When asked if the Renewable Heating Incentive (RHI) proposals launched in a consultation last month will enable the country to generate 15% of the nation’s energy use from green sources, she said: “The renewable target for 2020 covers building heat, transport and electricity. The RHI is a key part of it, that’s why we’ve had the consultation. We are now going to be examining those answers, those responses in order to make sure that we direct the funds that we have in the most effective way.”
DECC’s proposals include cutting tariffs for biomass boilers by up to 61% and scrap solar thermal support.
Ms Rudd added: “We recognise that although we’ve made good progress towards renewable targets for 2020 there’s more work to do but we believe we have sufficient policies at the moment to address the needs. We are going to look at what else could be done particularly in buildings and transport to make more progress.”

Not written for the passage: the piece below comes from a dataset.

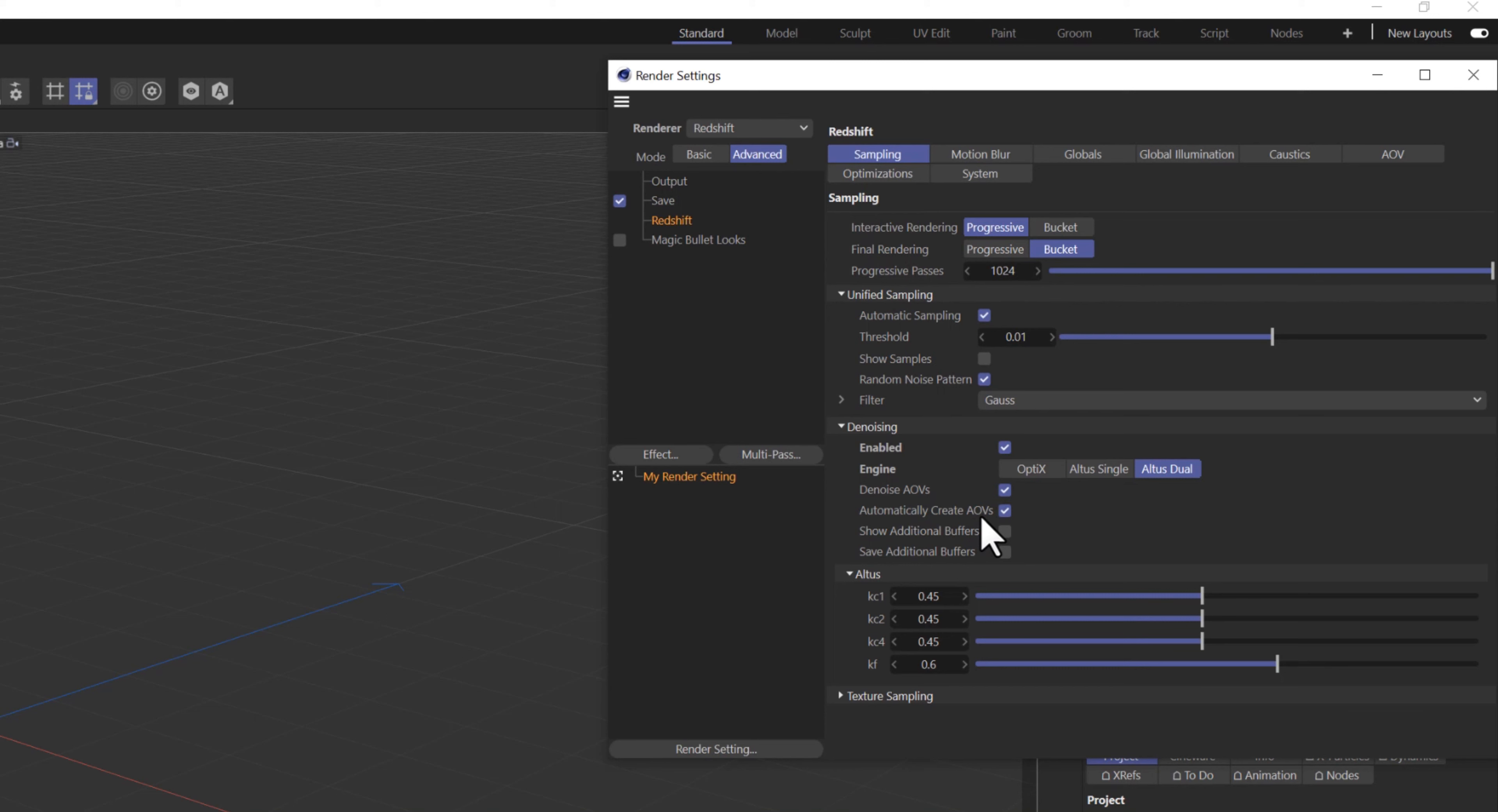These Redshift Render Settings have been my go-to render options for my compositions. Hopefully, it works for you. This is Glenn with Video Trinkets. Thanks for watching till the end, and I'll see you in the next video.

In November, the Energy Secretary admitted in a leaked letter that the country will miss a major legally-binding renewable target.
Ms Rudd was also asked about what the government is doing to boost research and development in the green sector.
She said: “The government is taking steps to build on our proud history of energy innovation and is more than doubling our energy innovation budget over the next five years to a total of £500 million. With this budget we can continue to support the development of clean, cheap and reliable technologies and the growth of green research and development sector across the UK.”
The Conservative MP insisted the government will launch an emissions reduction plan by the end of the year and respond to MPs request of setting a fifth carbon budget but didn’t give a specific time.
“It is an important issue for the UK that’s why we are not rushing it”, she added.
According to trade body Industrial & Commercial Energy Association the RHI consultation is “disappointing” for the non-domestic market.
Earlier this week, former Energy Secretary and Chairman of Mongoose Energy Sir Ed Davey said he believes the country won’t reach its renewable targets and EY’s latest RECAI report ranked the UK in 13th position for renewable investment attractiveness.